Avvenire – Dal lager note di speranza

A Mantova torna a suonare il clarinetto che fu testimone della persecuzione nazista contro gli ebrei. Merito di uno scrittore che ha deciso di raccontare una storia bellissima e vera

Avvenire, Popotus – Quando è capitato nelle mani dello scrittore Matteo Corradini, quel clarinetto era davvero malandato. E non solo perché, ormai, erano passati settant’anni da quando era uscito dalle officine Zalud, una fabbrica che, prima della Seconda guerra mondiale, aveva sede nella cittadina ceca di Terezin.Tanti drammi si erano susseguiti da allora, tante tragedie. Di tutte il clarinetto era stato testimone. Di tutte portava i segni: crepe, ammaccature, ferite di un passato impossibile da dimenticare. Con pazienza, un pezzo dopo l’altro, lo strumento è stato restaurato e fra poco, dopo un silenzio durato troppi anni, tornerà finalmente a suonare. Succederà a Mantova, durante il Festivaletteratura, in un incontro di «lettura musicale» intitolato «La farfalla risorta» (Auditorium del Conservatorio Campiani, domenica, ore 11). Il richiamo è a «La repubblica delle farfalle», il libro – edito da Rizzoli – in cui Corradini ha ricostruito la vicenda, terribile e bellissima, di Terezin, la città trasformata in campo di concentramento dalla follia nazista. Il clarinetto apparteneva a un ebreo, che lo aveva acquistato da uomo libero e si era poi ritrovato a suonarlo da prigioniero in quel Lager così diverso dagli altri, dove l’arte veniva tollerata e, per un certo periodo, addirittura incoraggiata. Poi era venuto, anche per lui, il momento di salire su un treno diretto verso lo sterminio. Il clarinetto lo aveva abbandonato dietro di sé, forse augurandosi che qualcuno lo ritrovasse e tornasse a far risuonare la sua voce. La voce delle vittime, la voce della speranza.
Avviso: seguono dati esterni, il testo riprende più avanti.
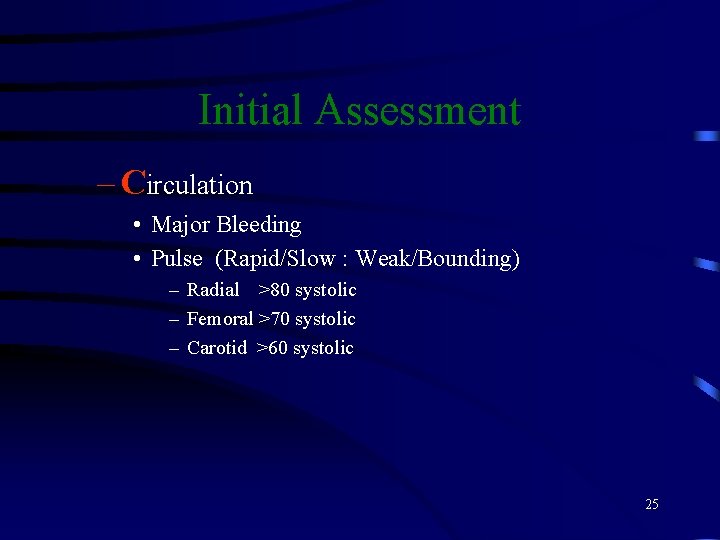 Initial Assessment – Circulation • Major Bleeding • Pulse (Rapid/Slow : Weak/Bounding) – Radial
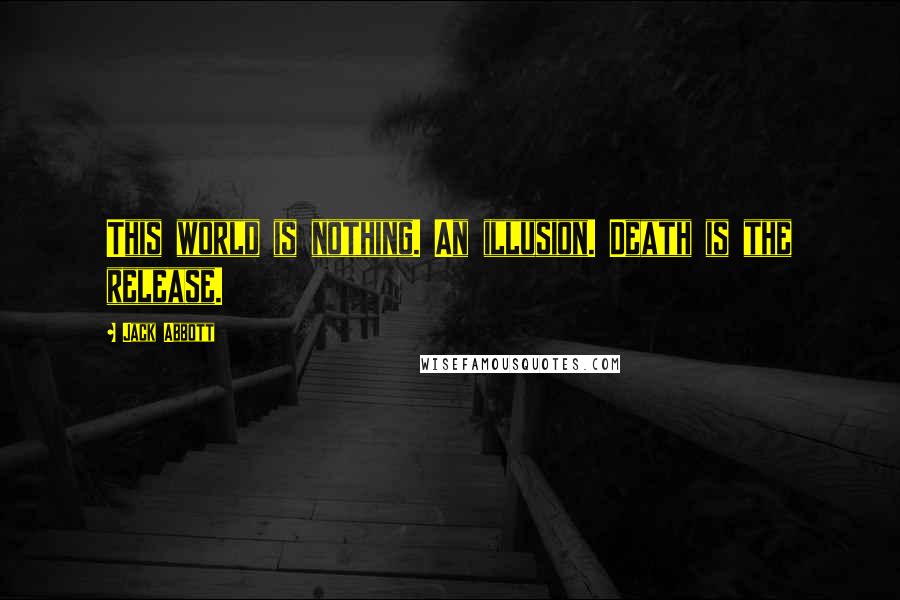Jack Abbott Quotes: This world is nothing. An illusion. Death is the release.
La città-prigione salvata dall’arte

Verso la fine del 1941 Terezin fu trasformata in un «campo modello», che le autorità naziste pensavano di far visitare alle autorità internazionali per dimostrare che, in fondo, nei Lager non succedeva niente di brutto. La città, che all’epoca contava 7.000 abitanti, sembrava perfetta per lo scopo: fondata nel Settecento dall’imperatore Giuseppe II in onore della madre Maria Teresa (il nome tedesco, Theresienstadt, significa appunto «città di Teresa»), aveva la pianta di un accampamento militare. Bastava recintarla e il gioco era fatto. Nel piccolo centro, distante circa 60 chilometri da Praga, furono ammassati fino 40mila prigionieri, tutti ebrei. Di loro 15mila erano bambini. Nel 1945, alla fine della guerra, i piccoli sopravvissuti non erano più di cento. Gli altri erano morti ad Auschwitz e in altri campi di sterminio, oppure erano stati uccisi dal tifo e dalle tante malattie che presto avevano iniziato a diffondersi a Terezin. Restava però una differenza: nella città-prigione si poteva fare musica, dipingere, praticare altre forme d’arte. E, più che altro, i ragazzi potevano ricevere un’istruzione. All’inizio tutto si svolgeva in maniera ordinata e «ufficiale», ma anche in seguito, quando i nazisti avevano ormai abbandonato la messinscena del «campo-modello», un gruppo di coraggiosi insegnanti volontari continuò a incoraggiare i bambini perché disegnassero, scrivessero, componessero poesie e dessero sfogo ai loro pensieri. Sono le «farfalle» alle quali Matteo Corradini si dedica con passione, anche raccogliendo documenti, cartoline e ogni altro oggetto proveniente da Terezin. Salvare le cose non significa salvare le persone, purtroppo. Ma aiuta a non dimenticarle.